Saturday 21 April 2012

EMC VNXe - diving under the hood (Part 5: Networking)

A quick look at the EMC Community Forum for the VNXe will show a lot of questions around the best way to configure networking. This is partly due to the way that networking is handled by the VNXe.

Put simply, it's different from the CLARiiON and Celerra.

As the previous post illustrated, the VNXe operating system is based on Linux with CSX Containers hosting FLARE and DART environments. To understand how networking is handled in the VNXe requires looking at various parts of the stack.

The physical perspective

Each SP has, by default, four network interfaces:
  • 1 x Network Management
  • 1 x Service Laptop (not discussed here)
  • 2 x LAN ports (for iSCSI/CIFS/NFS traffic)
Additional ports can be added in the form a a SLIC module, but I don't have access to any of these, so won't discuss that here.

The Linux perspective

Running ifconfig in an SSH session reveals a number of different devices:
  • bond0
  • cmin0
  • eth2
  • eth3
  • eth_int
  • lab (???)
  • lo (loopback)
  • mgmt
  • mgmt:0

The Linux "mgmt" device maps to the physical management NIC port, but does not have an IP address assigned to it. A virtual interface, "mgmt:0" is created on top of "mgmt" and this is assigned the Unisphere management interface IP address. This is almost certainly due to the HA capabilities built into the VNXe. In the event of a SP failure, the virtual interface will be failed over to the peer SP.

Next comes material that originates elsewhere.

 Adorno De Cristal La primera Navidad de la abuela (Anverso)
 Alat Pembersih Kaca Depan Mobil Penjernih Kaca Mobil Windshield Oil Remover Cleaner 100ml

End user data is transferred over "eth2" and "eth3". The first thing to note from the output of ifconfig is that the MAC addresses of both interfaces are the same.

Another device, "bond0", is created on top of eth2. If link aggregation is configured, eth3 is also joined to bond0. This provides load balancing of network traffic into the VNXe.

There is also a "cmin0" device which connects to the internal "CLARiiON Messaging Interface" (CMI). The CMI is a fast PCIe connection to the peer SP and is used for failover traffic and cache mirroring. The cmin0 device does not have an IP address. It's possible the CMI communicates using layer 2 only and therefore doesn't require an IP address, but that's only speculation.

Finally, there is an eth_int device that has an IP address in the subnet. This is used to communicate with the peer SP and either uses the CMI or has an internal network connection of some kind.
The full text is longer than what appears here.